**Exercise goal**
Beneath this line are entries. Copy the range from the line with "Now we will" to the line with "Sometimes the internet", ends included, exactly; leave pictures out.

**Entries provided**
>>>>

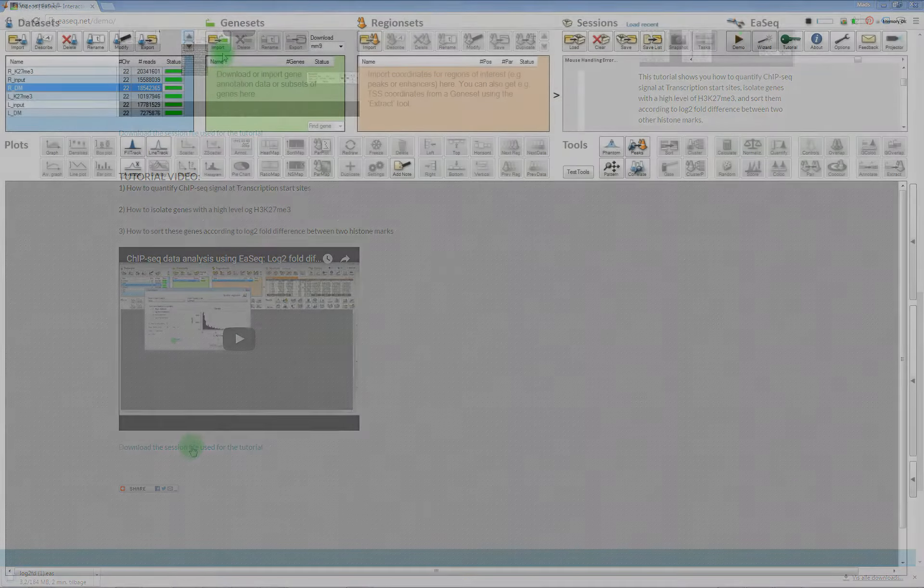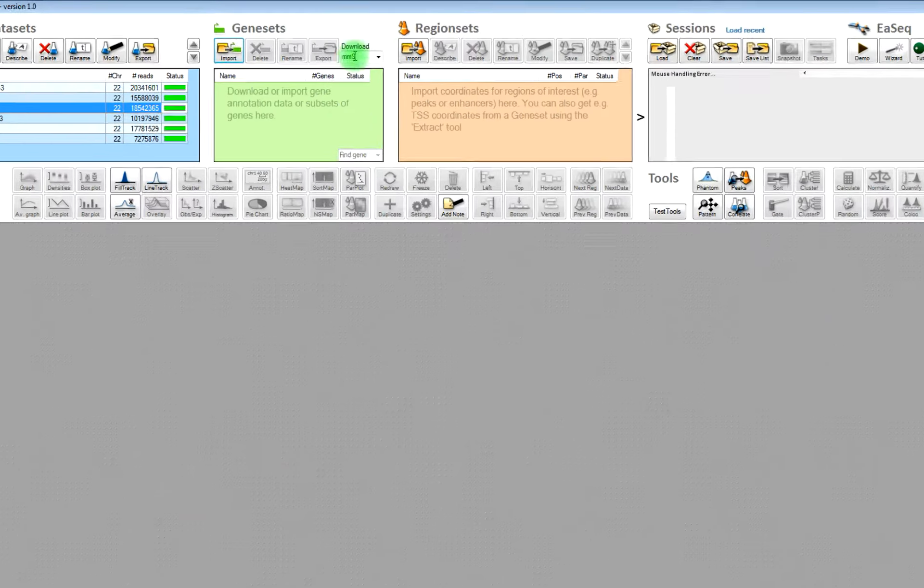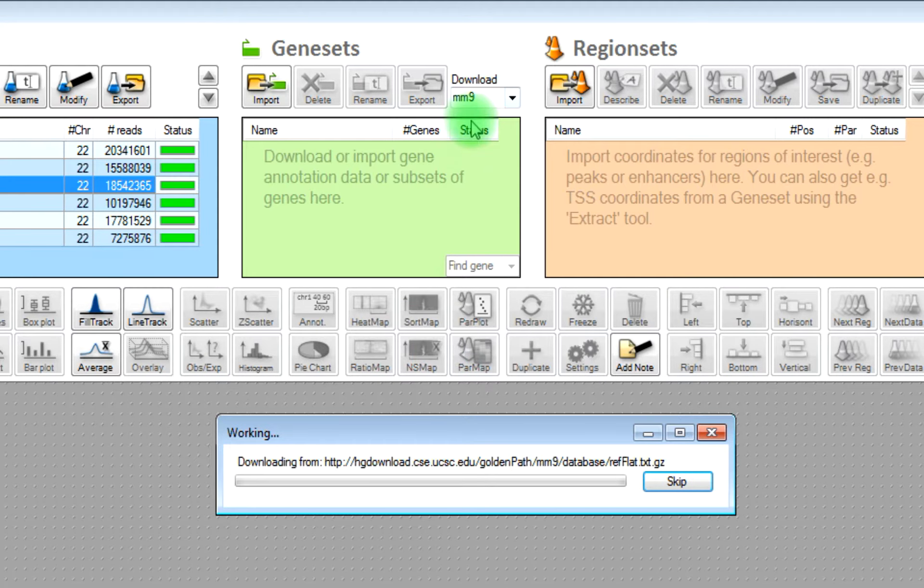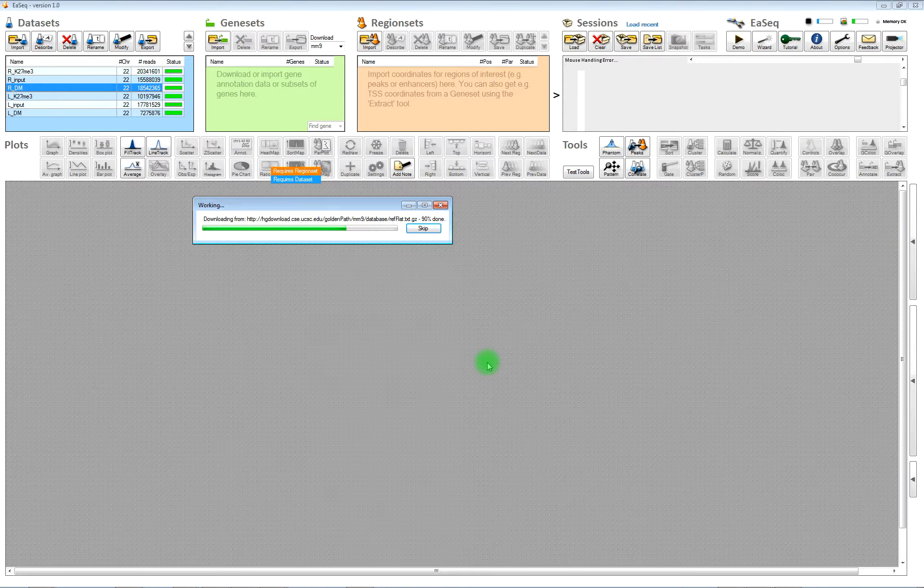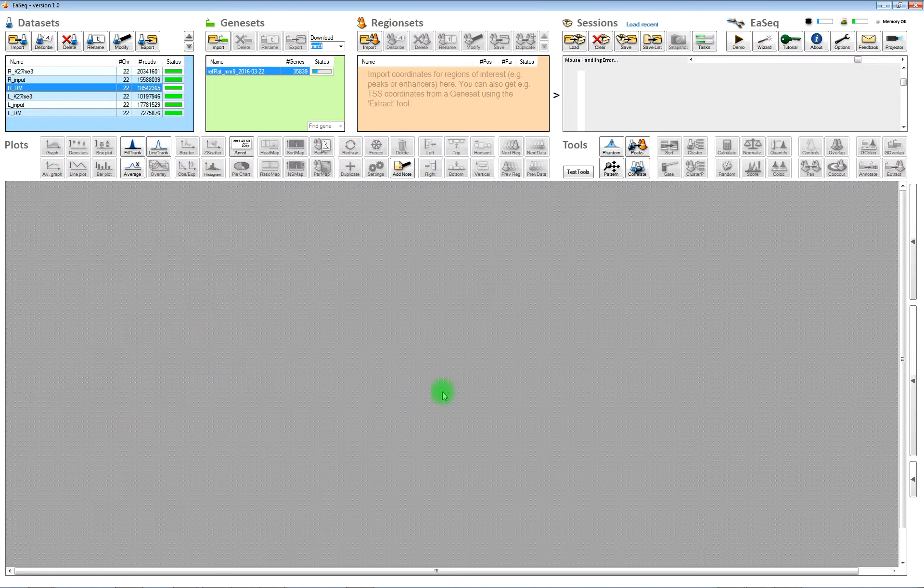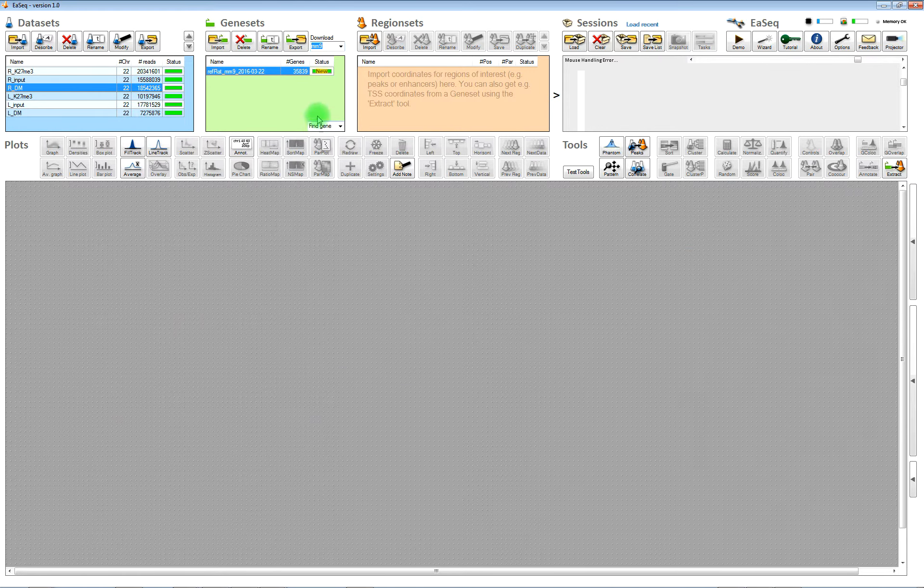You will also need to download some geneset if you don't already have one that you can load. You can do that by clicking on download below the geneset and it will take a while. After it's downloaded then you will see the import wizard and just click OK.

<<<<
>>>>

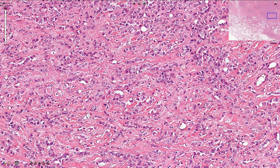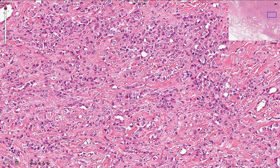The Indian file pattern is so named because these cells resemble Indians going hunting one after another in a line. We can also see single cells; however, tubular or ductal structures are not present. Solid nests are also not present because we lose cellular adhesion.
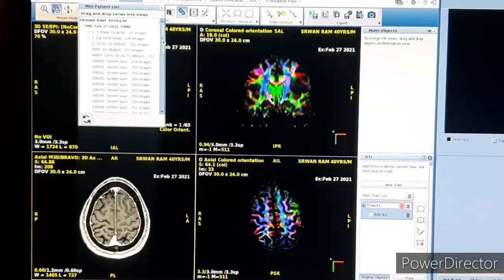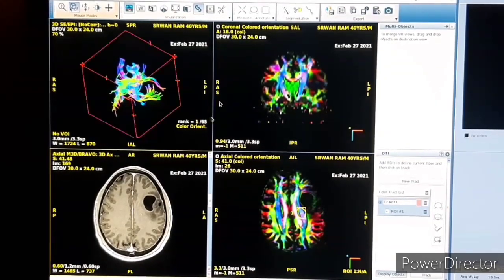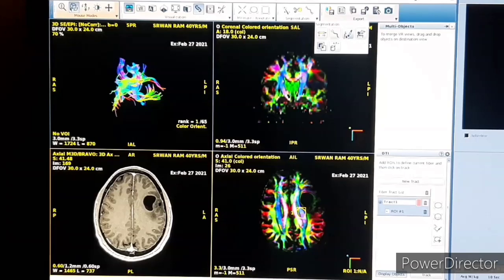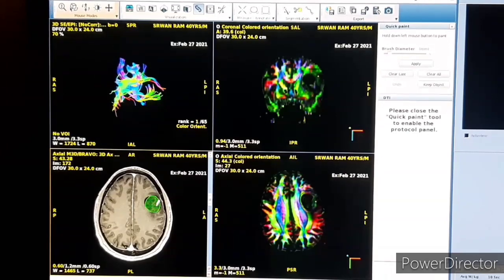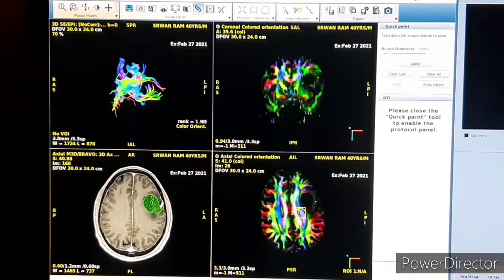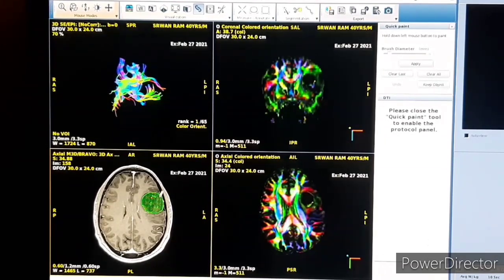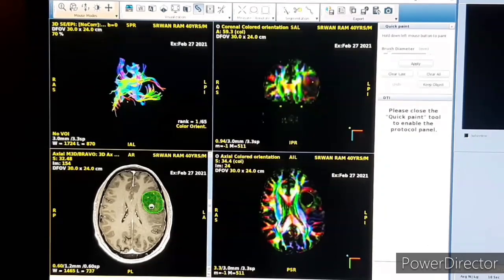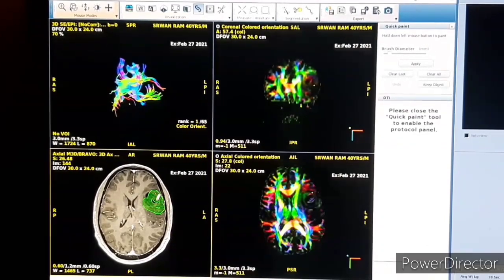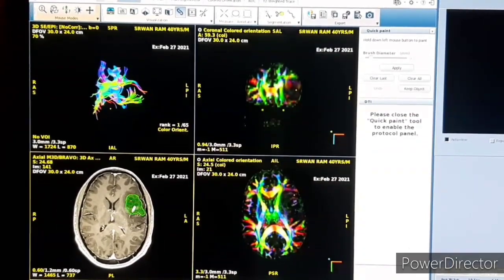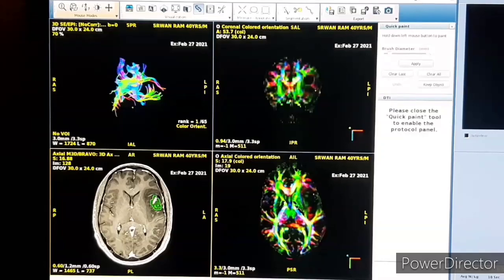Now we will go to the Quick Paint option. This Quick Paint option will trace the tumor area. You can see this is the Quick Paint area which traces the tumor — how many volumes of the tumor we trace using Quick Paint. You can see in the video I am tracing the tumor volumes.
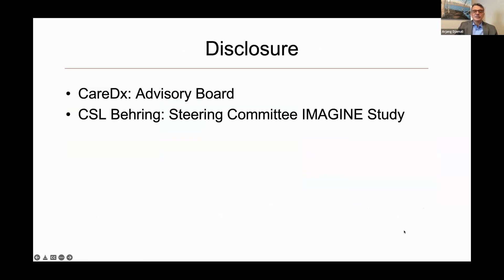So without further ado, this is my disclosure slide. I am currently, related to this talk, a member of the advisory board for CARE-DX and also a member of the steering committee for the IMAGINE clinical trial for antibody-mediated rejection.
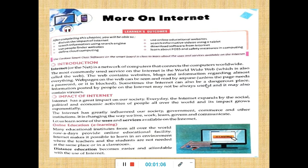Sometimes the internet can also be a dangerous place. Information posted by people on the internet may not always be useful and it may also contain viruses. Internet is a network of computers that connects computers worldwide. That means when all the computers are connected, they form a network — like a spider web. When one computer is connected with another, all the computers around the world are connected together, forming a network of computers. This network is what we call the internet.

<<<<

**Written response**
Now we will go to the Quick Paint option. This Quick Paint option will trace the tumor area. You can see this is the Quick Paint area which traces the tumor — how many volumes of the tumor we trace using Quick Paint. You can see in the video I am tracing the tumor volumes.
So without further ado, this is my disclosure slide. I am currently, related to this talk, a member of the advisory board for CARE-DX and also a member of the steering committee for the IMAGINE clinical trial for antibody-mediated rejection.
Sometimes the internet can also be a dangerous place. Information posted by people on the internet may not always be useful and it may also contain viruses. Internet is a network of computers that connects computers worldwide. That means when all the computers are connected, they form a network — like a spider web. When one computer is connected with another, all the computers around the world are connected together, forming a network of computers. This network is what we call the internet.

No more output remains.